Dressing up for Halloween is hard. No matter who (or what) you dress up as, there’s always someone with a cuter or more clever costume. And with Halloween falling right in the heat of Fall Semester, it’s impossible to find time to come up with something good. So we’ve done the job for you. Here’s a list of cute and clever Halloween costumes for those of you who waited until the last minute.
Girl Who Lost Her Pants in a House Fire
Halloween is that time of year where you can really go all-out and dress in way less clothing than you normally would. And this costume is the perfect way to do that. Simply put on a cute top and that’s it!
Any Kind of Large Houseplant
This one is so easy. The first step: Paint yourself green and wear green clothes. But the real beauty behind this costume is in the execution. Go to that Halloween party you’ve been wanting to go to and stand in the corner, completely still.
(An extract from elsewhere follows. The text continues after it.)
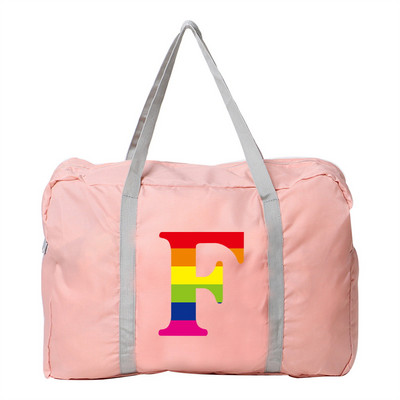 Sulankstomas kelioninis krepšys vandeniui atsparus bagažo vaivorykštės serijos spausdinimo ant pečių paketas nailoninis laisvalaikio rankinė Nauji didelės talpos krepšiai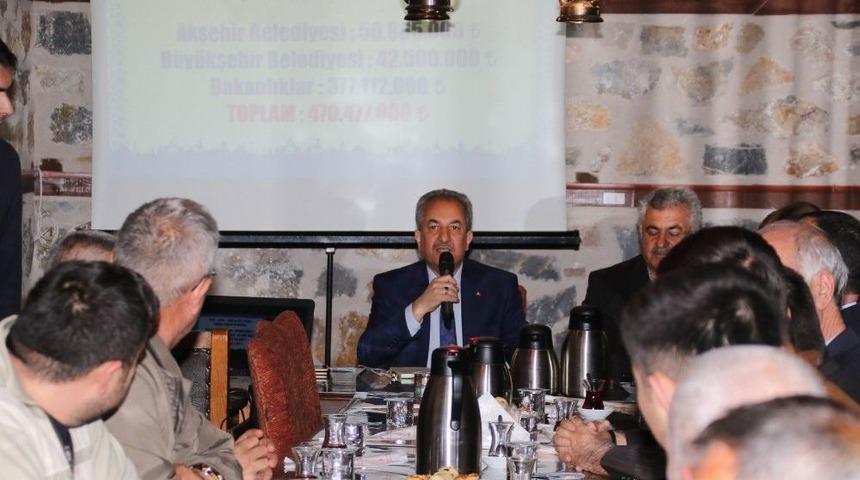 Başkan Akkaya, Esnaflarla Bir Araya Gelmeyi Sürdürüyor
If someone comes up and tries to start a conversation with you, don’t respond. Plants don’t talk, so neither should you. Your commitment will impress your friends, and you’ll be the talk of the party.
Garbage
If other people’s Halloween costumes make yours feel like trash, why not actually be trash? Wear a black trash bag and glue actual pieces of garbage to it. Not only will you look like it, but you’ll smell like it too!
Stalker
This is a costume that requires a bit of planning. For the week leading up to Halloween, choose a friend and leave them terrifying death threats. Break into their house and move things around so they know you were there. Leave voicemails on their phone from blocked numbers and disguise your voice. Say things like, “That’s a nice shirt you’re wearing.” If you’re really committed, kill your friend’s dog. Then, on the night of Halloween, reveal that it was you this whole time. You’ll both get a huge laugh out of the whole experience.
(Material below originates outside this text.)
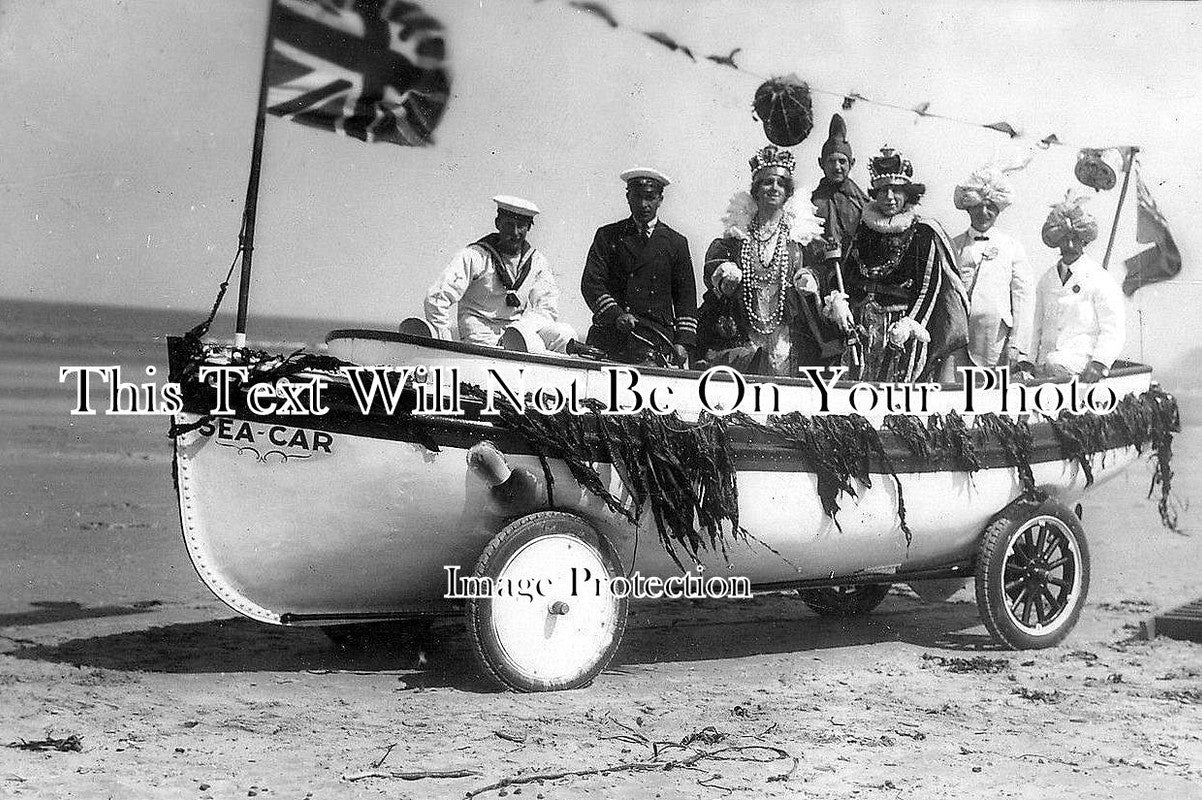 YO 29 - Decorated Sea Car, Redcar, North Yorkshire c1924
Someone Who Forgot It Was Halloween
Don’t go out. Stay home alone. Don’t give out candy. Do homework. Act like it was any other day of the week. The next day, when people ask you what you did, say, “Oh, dude, was Halloween last night? I totally forgot.” You didn’t forget, though, and you know that. They don’t know, but you know.
Republican Presidential Candidate
This one’s tricky. You have to be a white male wearing a suit. Actually … that’s about it.
An Arts Major Graduate
For this one you’re going to want to buy some clothes off a homeless man. Wear those. Make a cardboard sign that says “Will draw for food.”
Social Justice Warrior
The key to this one is to not wear a costume at all, because it might offend someone. Go to Halloween parties in your normal clothes and criticize other people’s culturally insensitive costumes: “You shouldn’t diminish Egyptian culture to just mummies.”